Sister Senator: Massachusetts Elects Its First Female Senator

Tuesday, November 6th, Elizabeth Warren defeats the republican incumbent Scott Brown by a narrow margin and is the first woman to claims Kennedy’s old Senate seat. Warren, a true representative of the middle class, is now the success story heard around the nation.

Warren was born Elizabeth Herring to a middle class family in Oklahoma City—no stranger to financial woe’s. Her father, a janitor, would suffer a heart attack when Warren was only 12; this would result in the loss of a family car. He could not continue his work, could not make payments. Her mother would pick up work at a Sear’s catalog-order department and at sixteen years of age, Warren started as a waitress for her aunt’s restaurant. She is named “Oklahoma’s top high-school debater” at Northwest Classen High School and at the age of 16 receives a debate scholarship for George Washington University.

After two years at GWU she marries Jim Warren—a NASA engineer—and moves to Houston, Texas. She completes her two-years-time at the University of Houston, 1970, with a degree in speech pathology and audiology. Here she spends a year teaching children with disabilities, receiving an “emergency certificate” to do so—she had lacked the necessary education courses required of obtaining a teaching certificate.

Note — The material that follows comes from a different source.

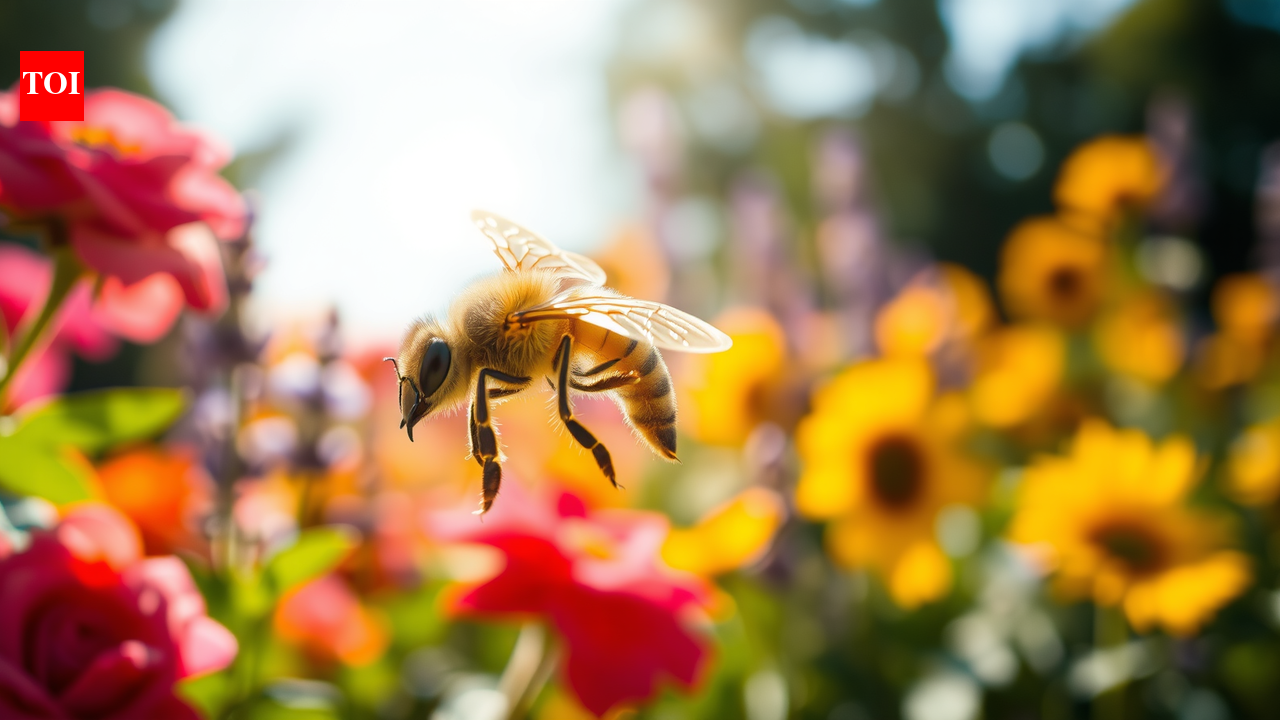 Honeybees just helped scientists build tiny drones that navigate without GPS and find their way home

Warren and her husband move to New Jersey where Warren becomes a stay-at-home mom, pregnant with her first child. She enrolls at Rutgers School of Law-Newark while her first daughter is two and is pregnant with her second shortly before her graduation in 1976.
Somehow balancing time between two children, Warren managed to practice at home writing wills and doing real estate closings.

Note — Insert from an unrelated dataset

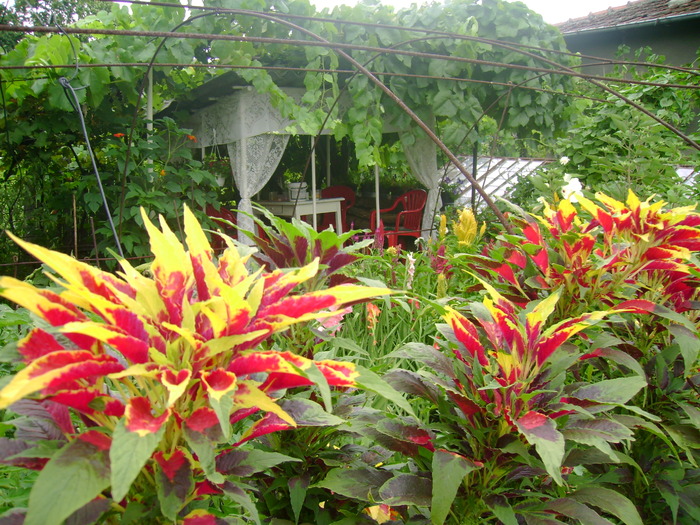 Amaranthus tricolor - Gradina de flori 2009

In between the late 70’s and early 90’s, Elizabeth teaches law at a plethora of Universities—Rutgers school of law-Newark (’77-’78), the University of Houston Law Center (’78-’83), University of Texas Law (’81-’87), a visiting professor at the University of Michigan (’85) and a research associate at the University of Texas, UT Austin (’83-’87). She becomes a tenured professor, joining the University of Pennsylvania Law School in ’87 and begins teaching at Harvard Law School in ’92 as a visiting professor. In ’95 she receives a permanent position as LeoGottlieb Professor of Law (Harvard).

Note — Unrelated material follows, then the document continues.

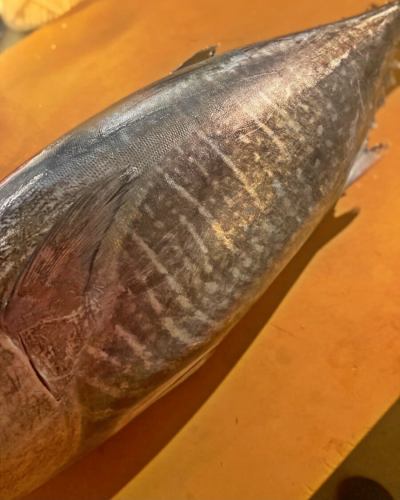 Yellowfin tuna, also known as yokowa (horizontal ring) in the Kansai region. As the name suggests, it has a clear pattern. The fish is said to have horizontal stripes because the length and width of the pattern are determined with its head up. Confit and wrap in pie. For reservations, please click the Hot Pepper link in our profile. @nuages_yosidamachi But I'm bored, or maybe it smells dangerous. Well, it can only be. #YokohamaFrench #KannaiGourmet #Yokowa #YokofinTuna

Also in ’95, Warren is asked to advice the National Bankruptcy Review Commission because of her independent interest in bankruptcy and middle-class finance. Here she works for several years, helping to file the commissioner’s report and to protect consumer’s rights. Despite her and her colleagues efforts—Congress passes the Bankruptcy Abuse Prevention and Consumer Protection Act of 2005—referred to as the “New Bankruptcy Law”, making it increasingly harder for persons to file for bankruptcy and is considered one of the more significant changes to personal finance passed by Congress in recent history.

United States Senate Majority Leader Harry Reid appointed Warren as heading the congressional committee that oversaw the Troubled Asset Relief Program (TARP), the $700 billion taxpayer bailout of the U.S. financial system. While leading this Congressional Oversight Panel Elizabeth Warren makes a name for herself tearing into Wall Street, the Treasury Department and mega-banks.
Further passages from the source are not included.